Man erkennt die sozialen Verhältnisse kaum, die Arbeit anderer Menschen begegnet einem nicht zur Bedürfnisbefriedigung sondern indirekt als Preis, den man bezahlen muss. Die Menschen selbst begegnen einem als Konkurrenten um den Arbeitsplatz. Auch die Natur existiert für uns bei dieser Form der Arbeit nicht mehr als Lebensgrundlage, sondern als Objekt, dass zur Kapitalanhäufung beliebig, zum Teil sehr destruktiv, missbraucht wird. Der dadurch entstandene „Bruch im Stoffwechsel“ mit der Natur ist für Marx ein zentraler Aspekt für das Wesen der Menschen im Kapitalismus und gerade heute, in Zeiten von durch Menschen verursachtes Massenaussterben und Klimawandel, besonders relevant.
Am Beginn der Industrialisierung warfen Arbeiter_innen Holzschuhe (französisch sabot) in Maschinen, um sie zu zerstören. Genauso zerstörten in England die sogenannten Ludditen Maschinen. Beides waren spontane Proteste der Arbeiter_innen gegen Ausbeutung und Entfremdung, welche die industrielle Produktionsweise mit sich brachte. © Roymail
Die Entfremdung macht nochmals deutlich, wie weitreichend die kapitalistischen Produktionsverhältnisse die Gesellschaft und damit jeden einzelnen Menschen bestimmen. So erschreckend die Erkenntnisse sein mögen, sie sind dennoch die Grundlage dafür, die Gesellschaft in ihrer Gesamtheit nicht hinnehmen zu müssen. Die Schlechtigkeit der Menschheit, die wir tagtäglich erleben, ist überwindbar. Sehr häufig wird der Egoismus der Menschen als Grund genannt, warum ein Zwang zur Arbeit bestehen müsse und dass jeder Versuch, eine bessere Welt zu erkämpfen, an den Menschen scheitern würde. Marx‘ Konzept der Entfremdung widerlegt all diese Argumente.
Unterdrückung
Die kapitalistischen Produktionsverhältnisse zeigen auf, dass hinter der Fassade einer rechtlichen Gleichheit aller Menschen aufgrund der Stellung der Menschen im Produktionsprozess eine massive Ungleichheit herrscht. Kapitalismus beruht auf Ungleichheit und Unterdrückung.
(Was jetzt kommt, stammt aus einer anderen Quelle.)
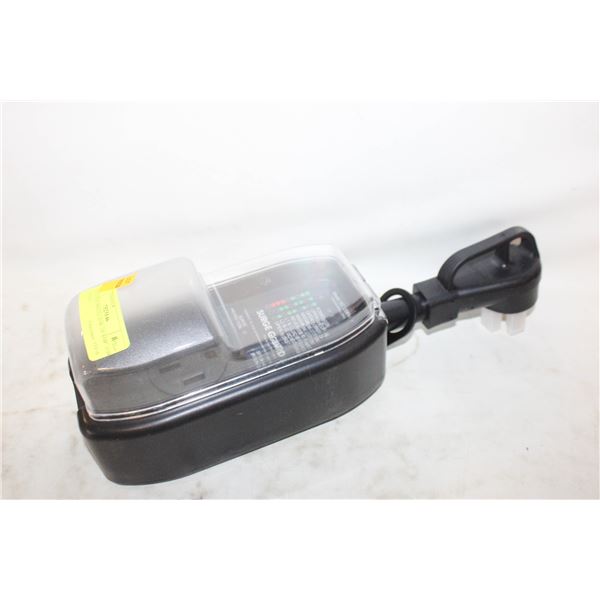 RV SURGE PROTECTOR, 50 AMP, 4200 JOULES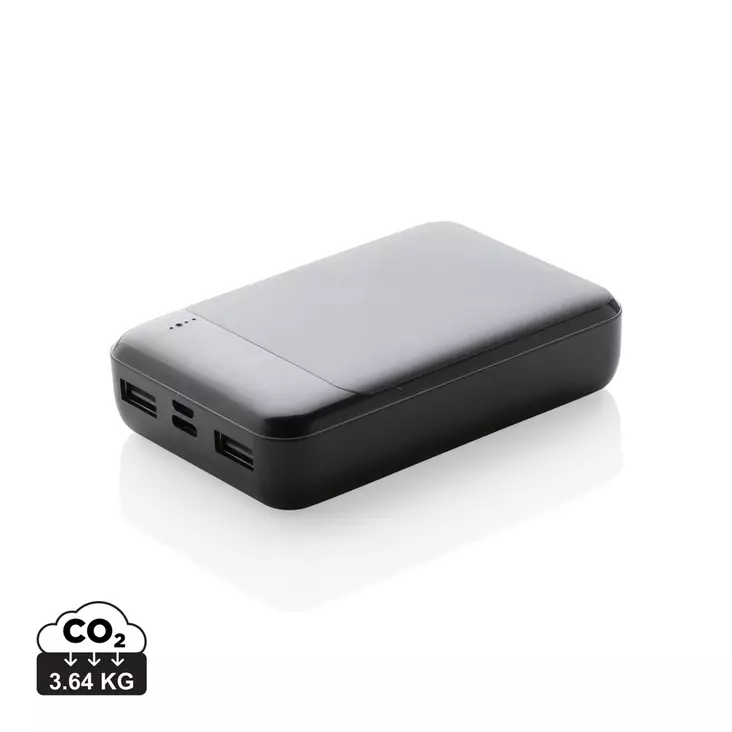 RCS 10000mAh virtapankki kierrätetystä muovista - Powerbankit ja laturit - P322.661 - 1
An die Stelle der Leibeigenen im Feudalismus sind die Arbeiter_innen getreten, an die Stelle des Adels die Kapitalisten.
Die Unterdrückung nimmt im Kapitalismus eine andere Form an als im Feudalismus, aber ebenso wie sich die Interessen eines Lehnsherren mit denen einer Bäuerin spießen, prallen im Kapitalismus die Interessen von Kapitalisten und Arbeiter_innen aufeinander. Seit Bestehen des Kapitalismus ist dieser von diesem Kampf geprägt: Unterdrückung als Teil des Klassenkampfes von oben und Solidarität, Streiks und Betriebsbesetzungen als Antwort von unten.
Ebenso wie die Bauern die Adeligen genährt haben, nähren die Arbeiter_innen die Kapitalisten und sollten die Eigentumszustände nicht dulden. Um die Unterdrückung zu überwinden, müssen die Arbeiter_innen die Kapitalisten entmachten, die Produktionsmittel unter ihre Kontrolle bringen und gemeinschaftlich verwalten.